*** DATA FOR THIS TASK Section Begins ***

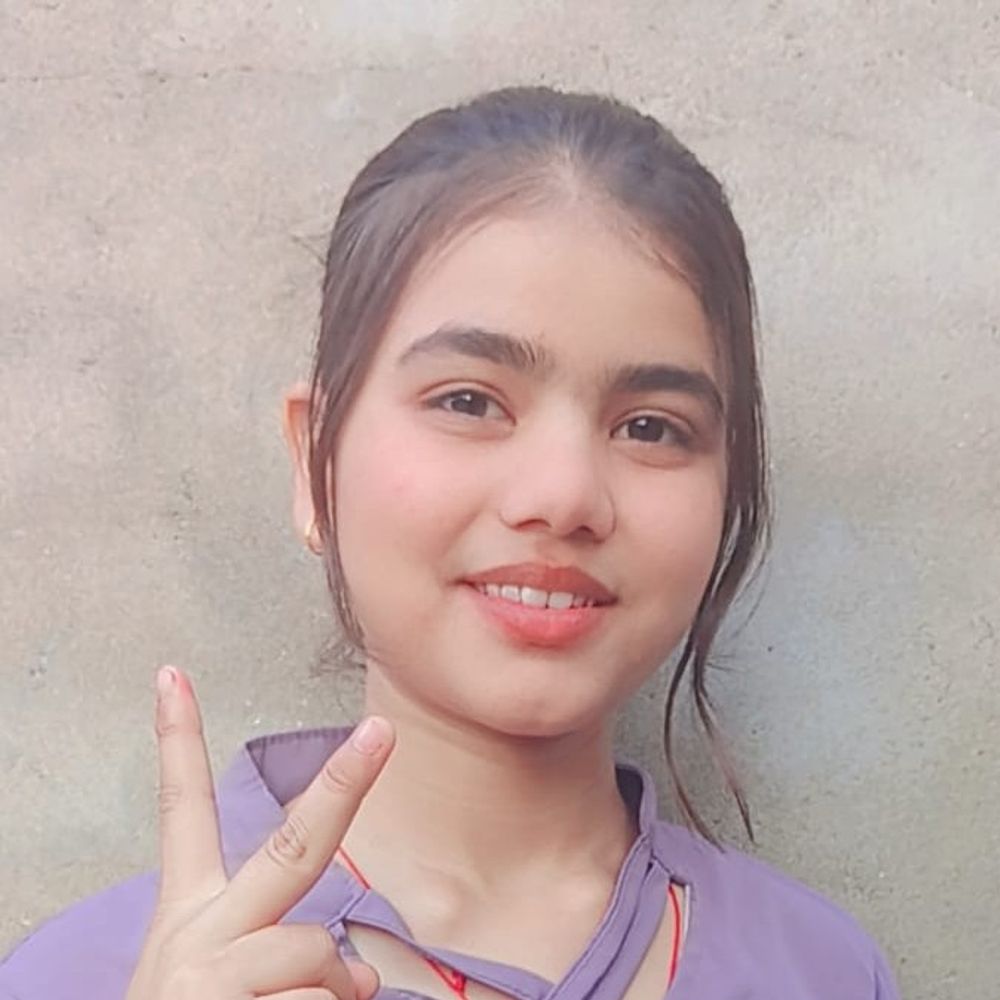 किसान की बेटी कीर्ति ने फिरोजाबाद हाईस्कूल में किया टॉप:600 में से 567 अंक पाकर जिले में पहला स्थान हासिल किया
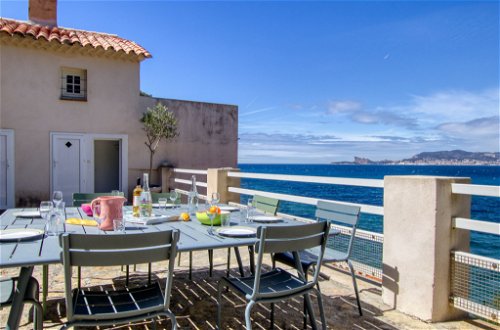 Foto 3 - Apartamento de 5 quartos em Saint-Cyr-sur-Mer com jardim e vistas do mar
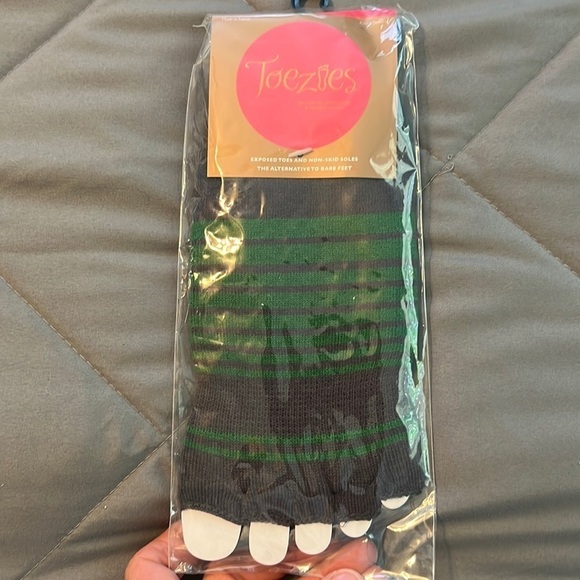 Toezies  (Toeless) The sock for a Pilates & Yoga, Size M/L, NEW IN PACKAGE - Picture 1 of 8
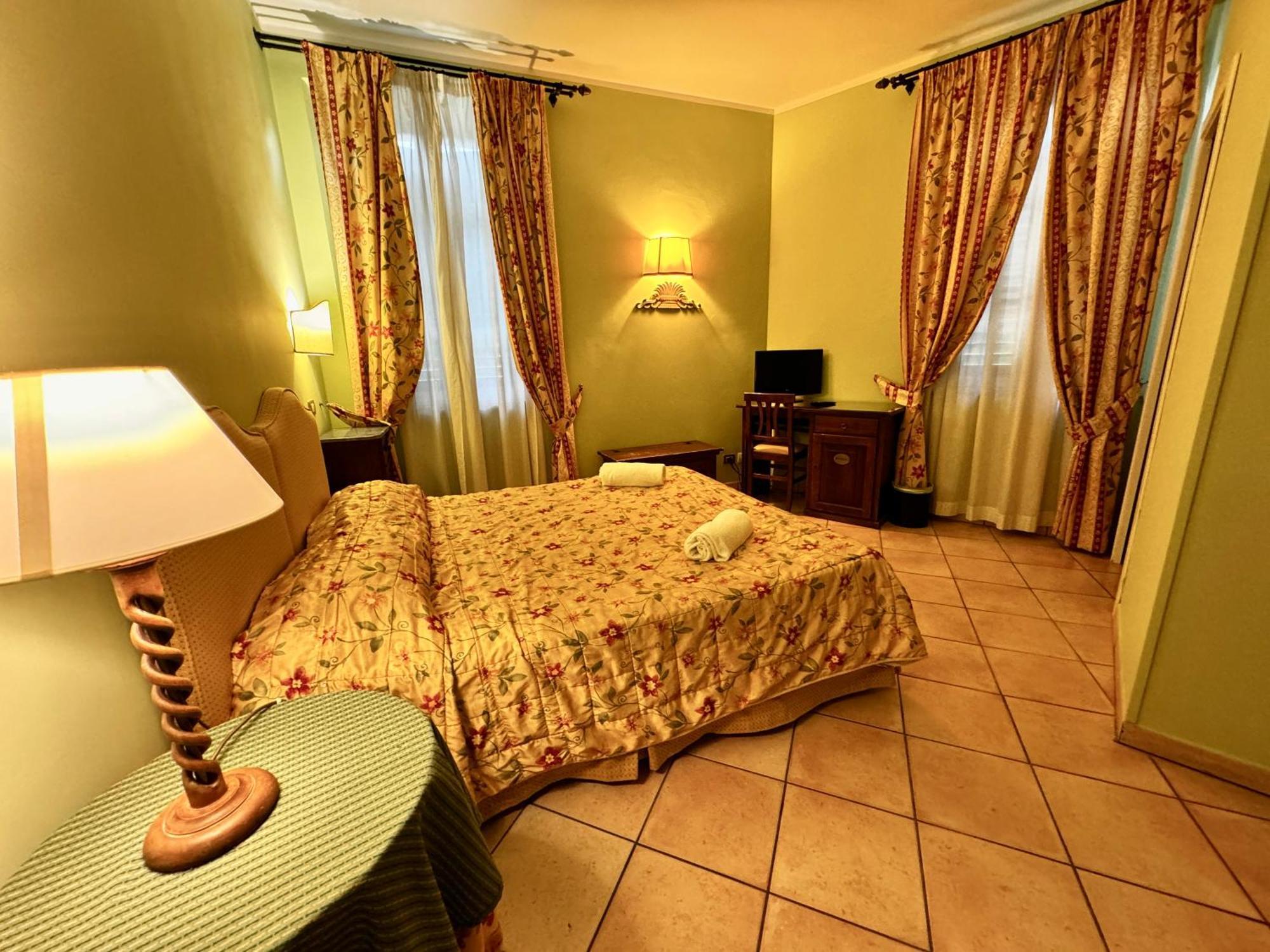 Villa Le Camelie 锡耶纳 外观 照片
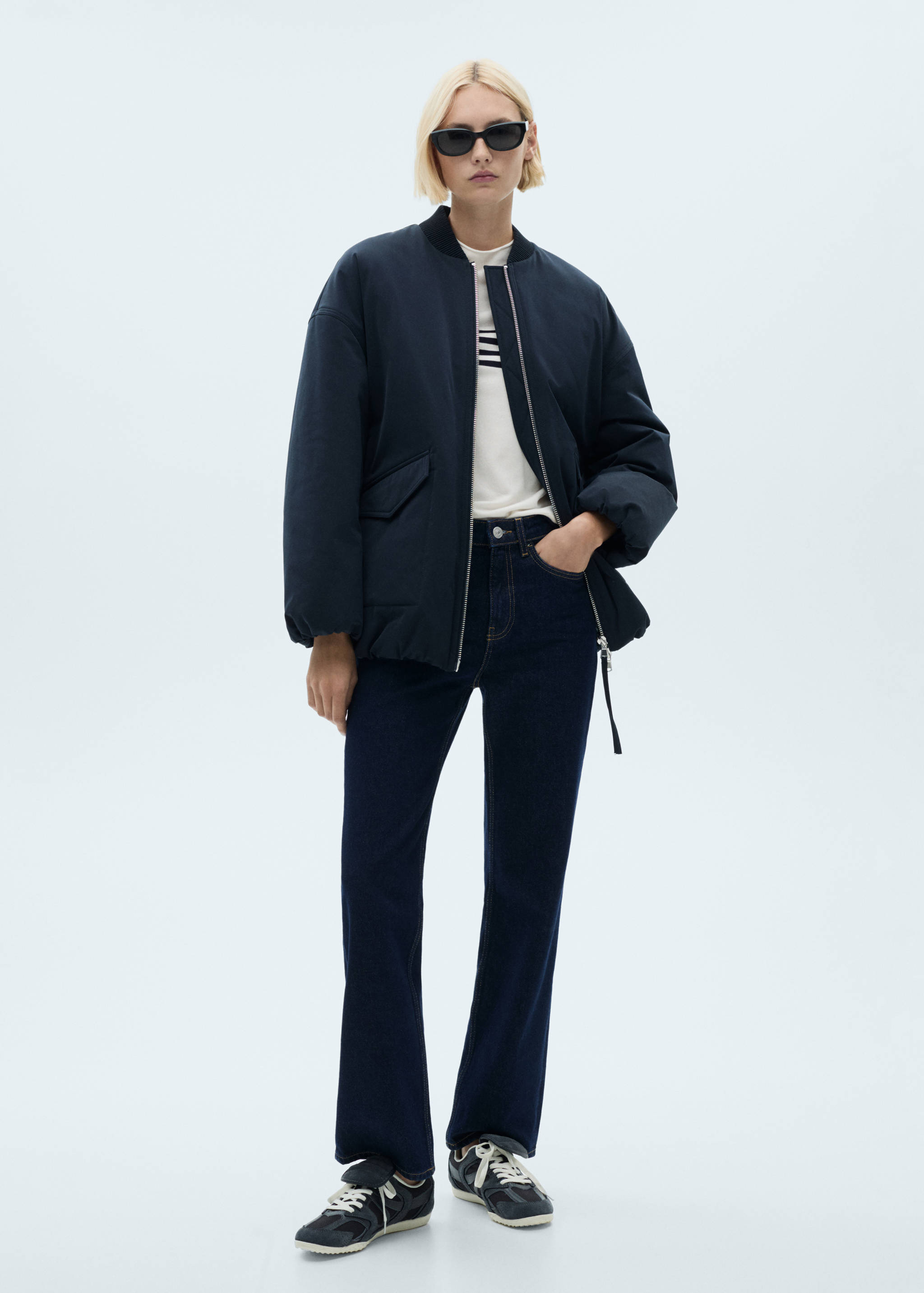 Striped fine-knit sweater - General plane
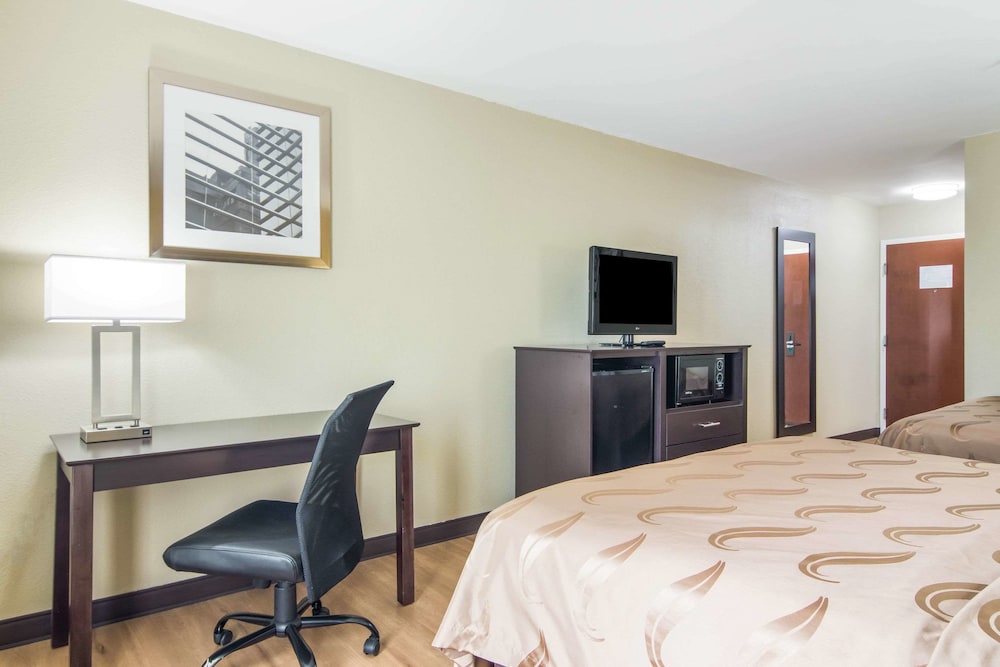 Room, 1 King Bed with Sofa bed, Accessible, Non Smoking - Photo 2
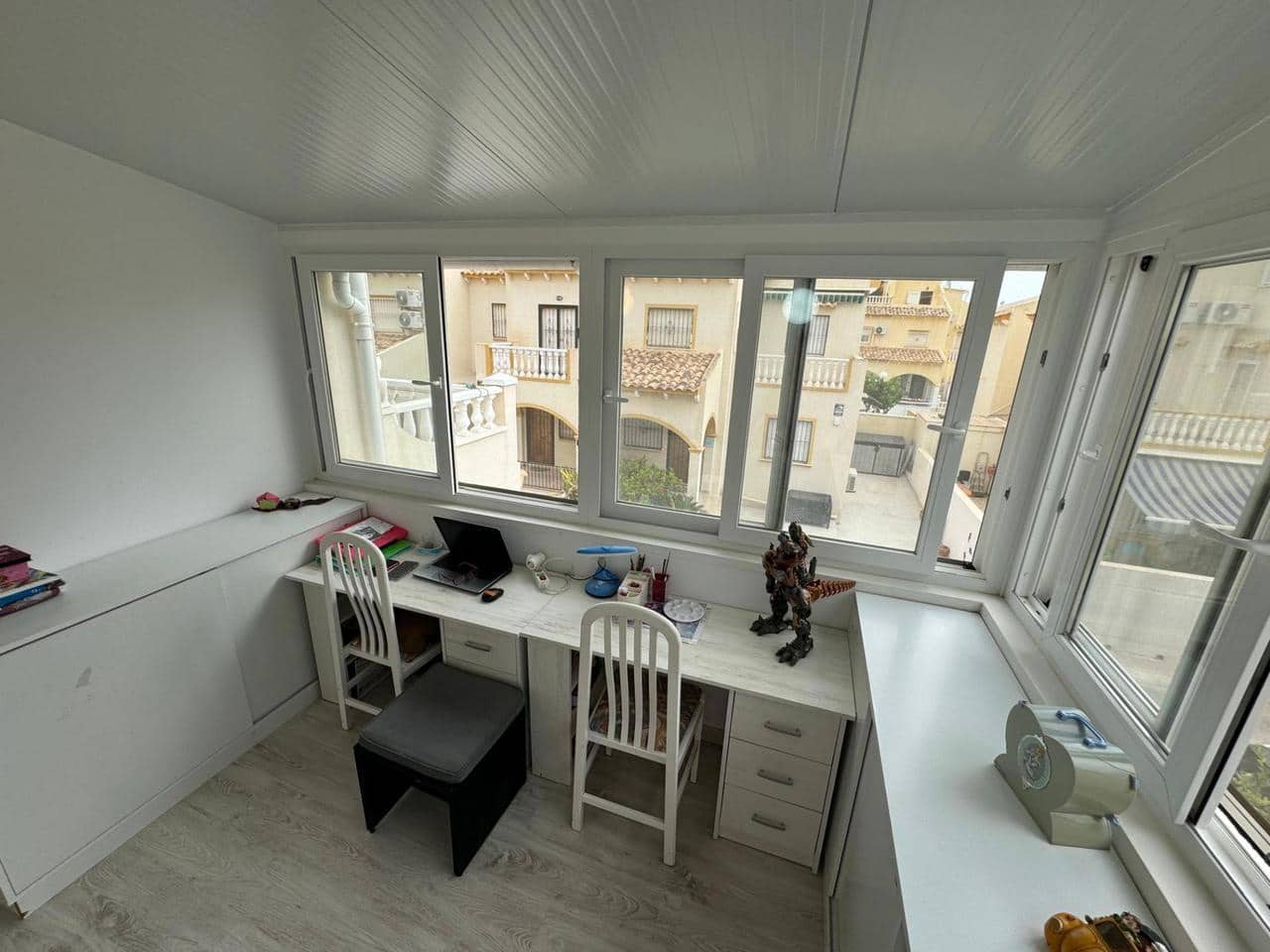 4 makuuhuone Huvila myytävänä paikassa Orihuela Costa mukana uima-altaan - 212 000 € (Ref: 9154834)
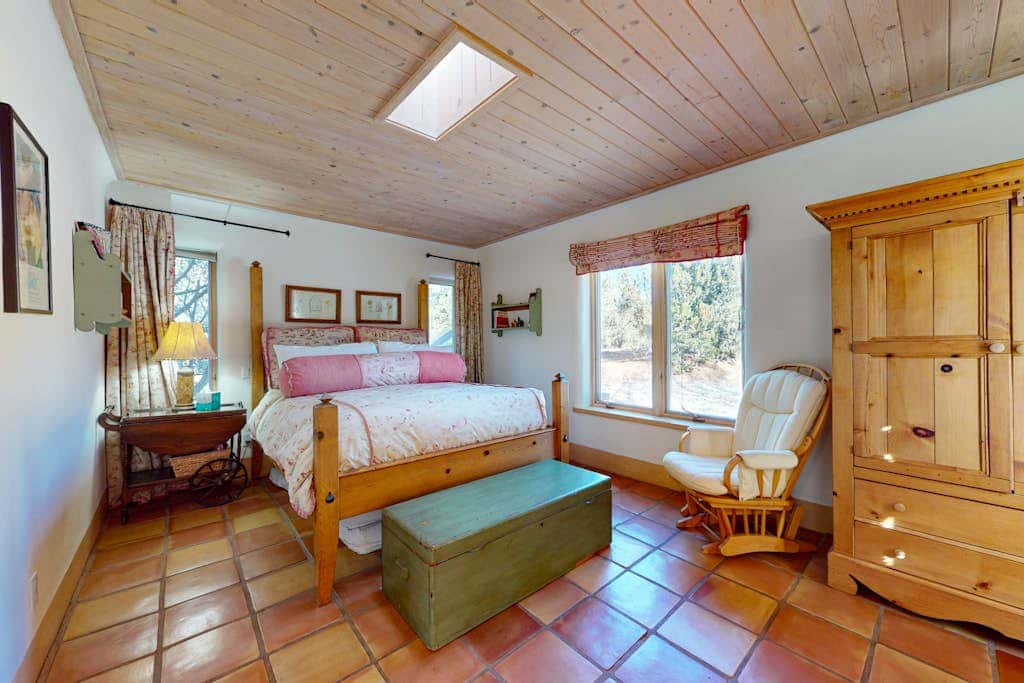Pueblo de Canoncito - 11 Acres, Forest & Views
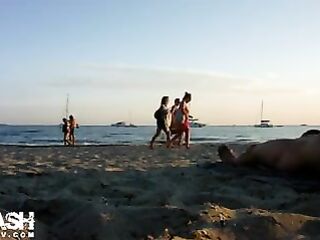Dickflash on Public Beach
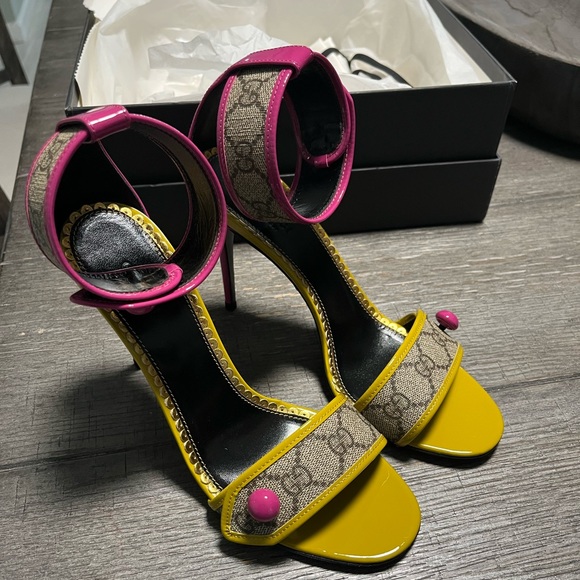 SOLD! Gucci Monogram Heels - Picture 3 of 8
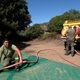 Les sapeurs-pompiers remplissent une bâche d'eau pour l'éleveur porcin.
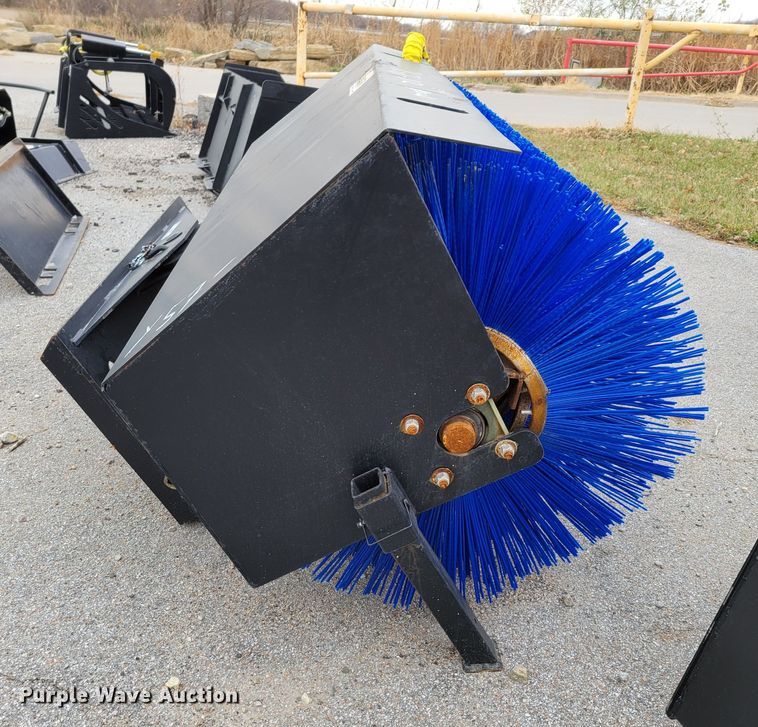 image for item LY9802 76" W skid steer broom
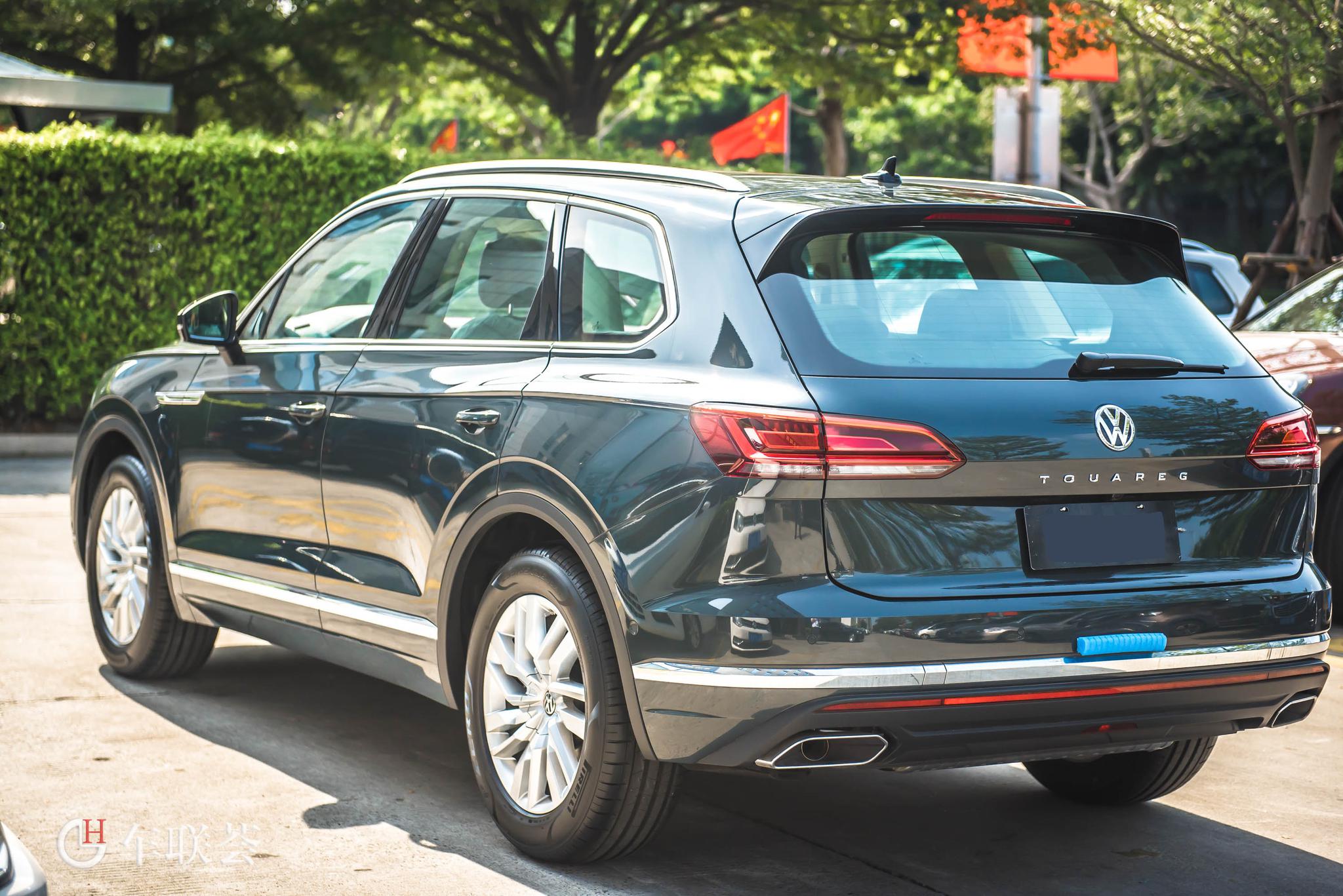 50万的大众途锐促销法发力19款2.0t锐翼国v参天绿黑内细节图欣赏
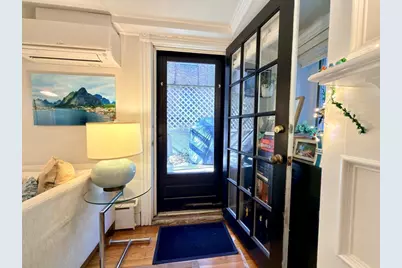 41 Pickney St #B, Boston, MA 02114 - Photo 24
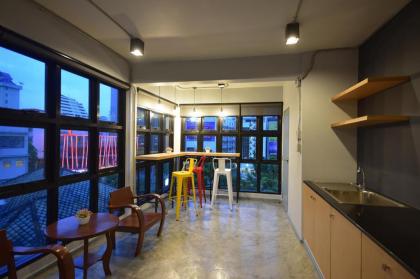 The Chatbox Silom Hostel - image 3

*** DATA FOR THIS TASK Section Ends ***

__WHAT IS EXPECTED__.
Images are to be left out; everything else in the material must be written out exactly.

__RESPONSE AREA__.
 किसान की बेटी कीर्ति ने फिरोजाबाद हाईस्कूल में किया टॉप:600 में से 567 अंक पाकर जिले में पहला स्थान हासिल किया
 Foto 3 - Apartamento de 5 quartos em Saint-Cyr-sur-Mer com jardim e vistas do mar
 Toezies  (Toeless) The sock for a Pilates & Yoga, Size M/L, NEW IN PACKAGE - Picture 1 of 8
 Villa Le Camelie 锡耶纳 外观 照片
 Striped fine-knit sweater - General plane
 Room, 1 King Bed with Sofa bed, Accessible, Non Smoking - Photo 2
 4 makuuhuone Huvila myytävänä paikassa Orihuela Costa mukana uima-altaan - 212 000 € (Ref: 9154834)
Pueblo de Canoncito - 11 Acres, Forest & Views
Dickflash on Public Beach
 SOLD! Gucci Monogram Heels - Picture 3 of 8
 Les sapeurs-pompiers remplissent une bâche d'eau pour l'éleveur porcin.
 image for item LY9802 76" W skid steer broom
 50万的大众途锐促销法发力19款2.0t锐翼国v参天绿黑内细节图欣赏
 41 Pickney St #B, Boston, MA 02114 - Photo 24
 The Chatbox Silom Hostel - image 3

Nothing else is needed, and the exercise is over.